The English translation inspired me to write a brief article, which was published in 1992.1 This autobiography reveals how Yeshe Dondrup would inform the lay nobility that drinking alcohol, smoking, and eating meat were sinful. He also recounts how he performed rituals to cure the ill and distributed charms to enable stable marriages. Referring to a folktale with a female witch (’ba’ mo) and a monk as protagonists, he highlights the superiority of Tibetan Buddhism over malevolent powers. Added is also a brief but interesting comment on so-called “devil dances” (’cham).
We further read how Yeshe Dondrup zealously studies through the night, trying to resolve unclear doctrinal quandaries. Once forced to punish a pupil who had fallen asleep in class, he realises that, according to Buddhist doctrines, karmic retribution was inevitable. On one occasion, several laymen in whose company Yeshe Dondrup is travelling decide to go on a hunting party. As a true Buddhist, he feels great pity for the local wildlife and prays for the animals’ welfare. When the hunters return empty-handed, he informs them that Śākyamuni Buddha considers killing to be sinful.
In addition, the Ladakhi scholar includes a lucid explanation of quite remarkable cryptographic methods referred to as ang yig and tsha yig, among others.

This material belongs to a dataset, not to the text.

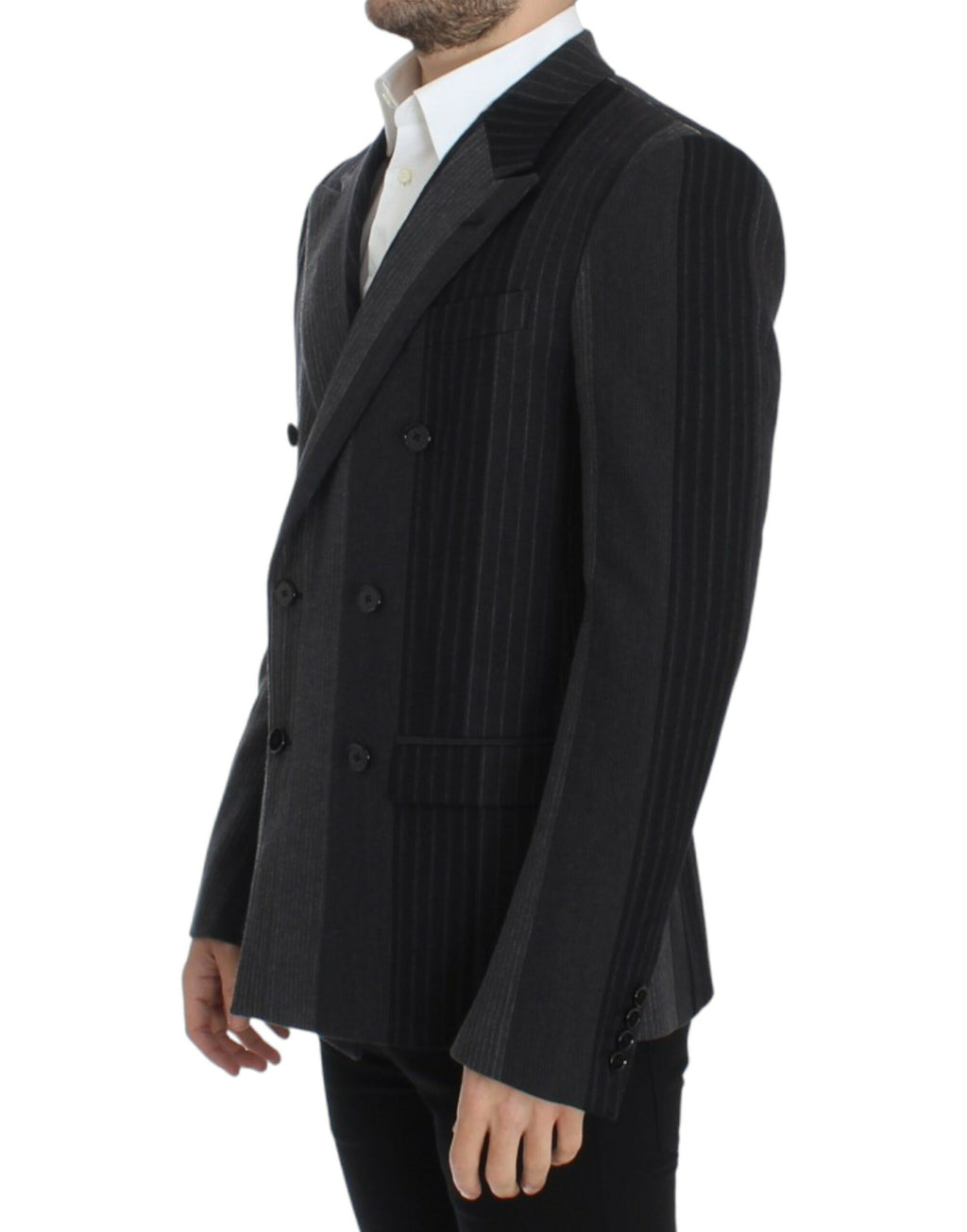 Blazer en laine gris à rayures de Dolce & Gabbana, coupe ajustée et élégante, pour homme ou femme.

Yeshe Dondrup’s life story provides us with a rich personal account as well as information on numerous Himalayan regional, societal, and religious issues. He wrote this account when he was 39 years old, but he went on to have a long and eventful life. Ladakhi scholar Tashi Rabgyas, in what is presumably the first homage to the monk in the English language, describes his deceased friend as a “person of great understanding”, a “great treasure of knowledge,” and a “Friend of Righteousness”. In 1999, the historian Nawang Tsering Shakspo writes:
Among the writers of modern Tibetan literature, Khenpo Ye shes Don grub is a luminary figure. Born at the village of Stok near Leh, he went to Tibet at the age of eight for monastic training at Tashi Lhunpo monastic institution where he obtained Kachen, the highest degree in Buddhist metaphysics. … At the age of twenty seven, the Kachen returned from Tibet to his native land. On his way back, he stopped at Kalimpong, exchanged views with learned Tibetans there, and then visited Calcutta to exchange views with Tibetologists at the Asiatic Society of Bengal. Thus he came into contact with the Secretary of the Society, M.A.J. van Manen, the Dutch Tibetologist, who was particularly impressed by his scholarship in Tibetan grammar. On van Manen’s suggestion the Kachen wrote a short biography of himself … He composed several poems on current topics and wrote articles, stories, plays and notes on the history and culture of Ladakh. In recognition of his literary works, the Jammu and Kashmir, Academy of art, culture and languages presented to him its prestigious award, the “Robe of Honour”. … Ye shes Don grub passed his last five years at Bylakuppe, South India, as the first Khenpo of the newly established Tashi Lhunpo monastic institution.2
Shakspo later published another work on Yeshe Dondrup (first in Tibetan and then in English), in which he used the Tibetan version of the autobiography from the Van Manen Collection.3 The scholar informs us that auspicious signs accompanied his birth, something otherwise absent from the monk’s initial life story:
… Ye-shes Don-grup had remained in his mother’s womb for a year before he was born. However, his mother had a painless delivery. The family cow also gave a birth to a calf at the same time, promising good nourishment for the young baby. Sparks also flew from the family stove. (p. IX)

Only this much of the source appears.